### PROBLEM REQUIREMENTS
Of the lines in the material below, print only those from the one containing "Colourful African Kente" to the one containing "Southwestern Aztec Cushion", ends included, exactly as written and without pictures.

### LISTED ENTRIES
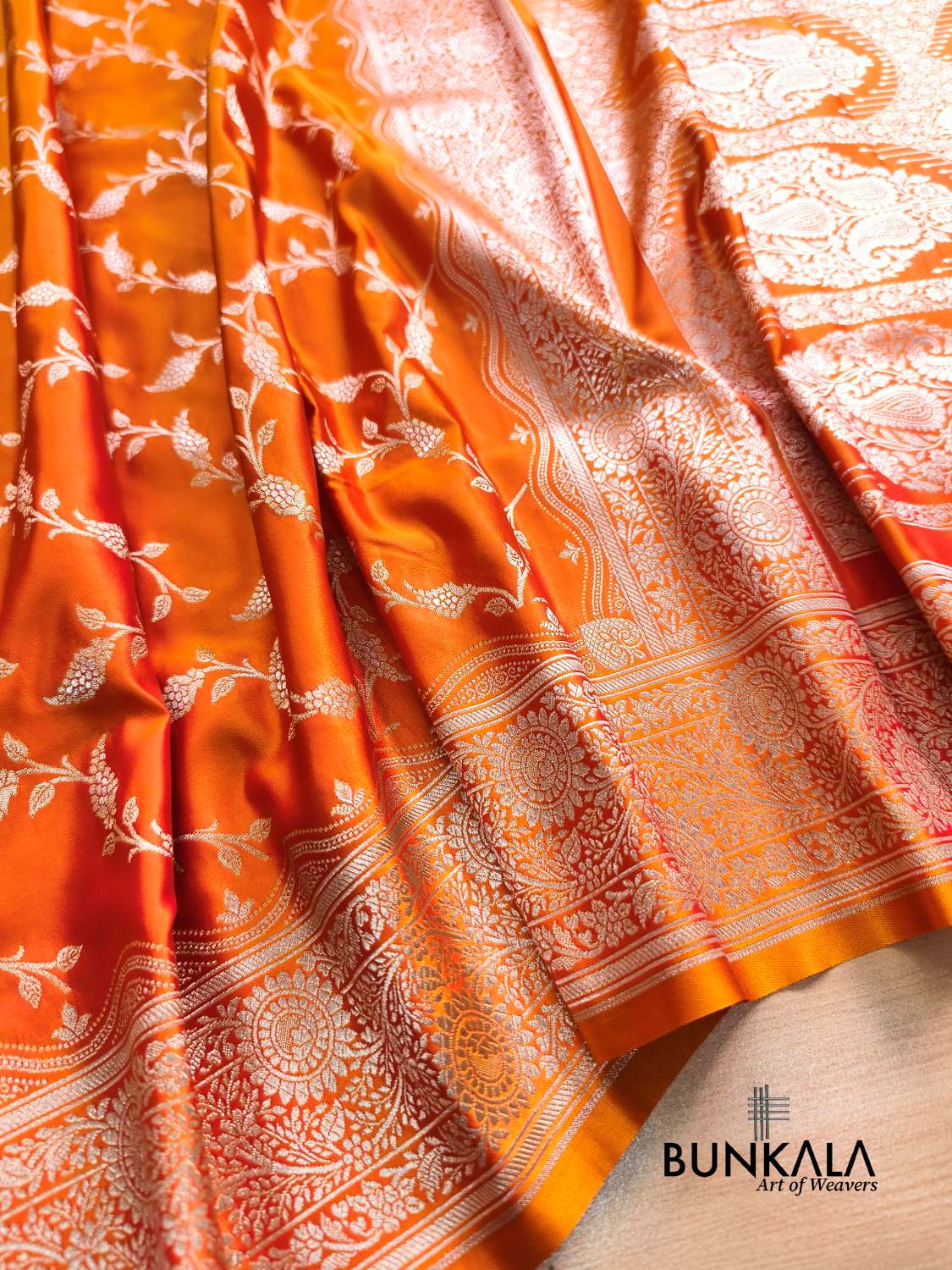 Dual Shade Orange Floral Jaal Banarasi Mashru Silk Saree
==
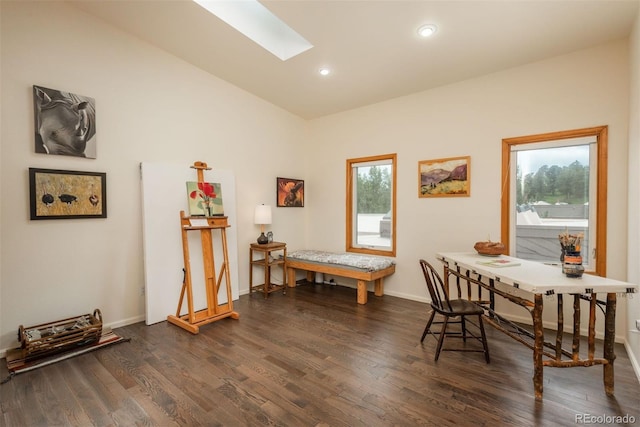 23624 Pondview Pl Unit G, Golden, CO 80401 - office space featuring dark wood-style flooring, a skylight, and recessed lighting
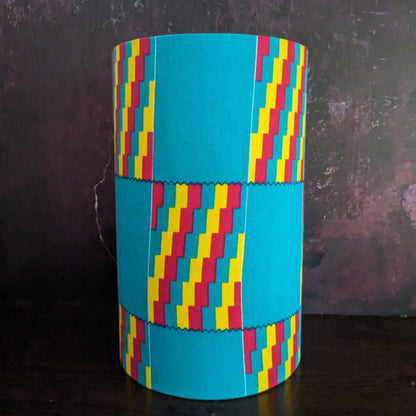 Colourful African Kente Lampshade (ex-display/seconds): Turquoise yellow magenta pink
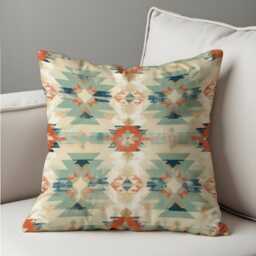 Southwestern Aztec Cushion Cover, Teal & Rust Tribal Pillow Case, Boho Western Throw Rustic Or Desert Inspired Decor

### ANSWER BELOW
 Colourful African Kente Lampshade (ex-display/seconds): Turquoise yellow magenta pink
 Southwestern Aztec Cushion Cover, Teal & Rust Tribal Pillow Case, Boho Western Throw Rustic Or Desert Inspired Decor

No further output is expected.